Could you copy every record exactly as it appears?

[Data entries]
=== Begin Enclosure ===
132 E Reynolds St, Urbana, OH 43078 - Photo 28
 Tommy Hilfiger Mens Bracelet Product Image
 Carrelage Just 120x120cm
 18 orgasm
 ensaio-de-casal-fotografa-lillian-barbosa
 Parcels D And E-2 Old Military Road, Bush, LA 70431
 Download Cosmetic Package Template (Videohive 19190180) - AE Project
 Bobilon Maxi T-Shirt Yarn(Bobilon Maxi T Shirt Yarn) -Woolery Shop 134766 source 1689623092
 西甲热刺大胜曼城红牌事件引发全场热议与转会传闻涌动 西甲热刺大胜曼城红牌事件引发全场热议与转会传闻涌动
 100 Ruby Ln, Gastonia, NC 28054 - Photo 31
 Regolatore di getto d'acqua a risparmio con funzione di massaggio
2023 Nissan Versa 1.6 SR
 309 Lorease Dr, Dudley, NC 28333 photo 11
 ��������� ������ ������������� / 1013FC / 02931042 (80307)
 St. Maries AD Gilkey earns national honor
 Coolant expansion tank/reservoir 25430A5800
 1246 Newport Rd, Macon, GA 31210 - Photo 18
=== End Enclosure ===
### Solved exercise
132 E Reynolds St, Urbana, OH 43078 - Photo 28
 Tommy Hilfiger Mens Bracelet Product Image
 Carrelage Just 120x120cm
 18 orgasm
 ensaio-de-casal-fotografa-lillian-barbosa
 Parcels D And E-2 Old Military Road, Bush, LA 70431
 Download Cosmetic Package Template (Videohive 19190180) - AE Project
 Bobilon Maxi T-Shirt Yarn(Bobilon Maxi T Shirt Yarn) -Woolery Shop 134766 source 1689623092
 西甲热刺大胜曼城红牌事件引发全场热议与转会传闻涌动 西甲热刺大胜曼城红牌事件引发全场热议与转会传闻涌动
 100 Ruby Ln, Gastonia, NC 28054 - Photo 31
 Regolatore di getto d'acqua a risparmio con funzione di massaggio
2023 Nissan Versa 1.6 SR
 309 Lorease Dr, Dudley, NC 28333 photo 11
 ��������� ������ ������������� / 1013FC / 02931042 (80307)
 St. Maries AD Gilkey earns national honor
 Coolant expansion tank/reservoir 25430A5800
 1246 Newport Rd, Macon, GA 31210 - Photo 18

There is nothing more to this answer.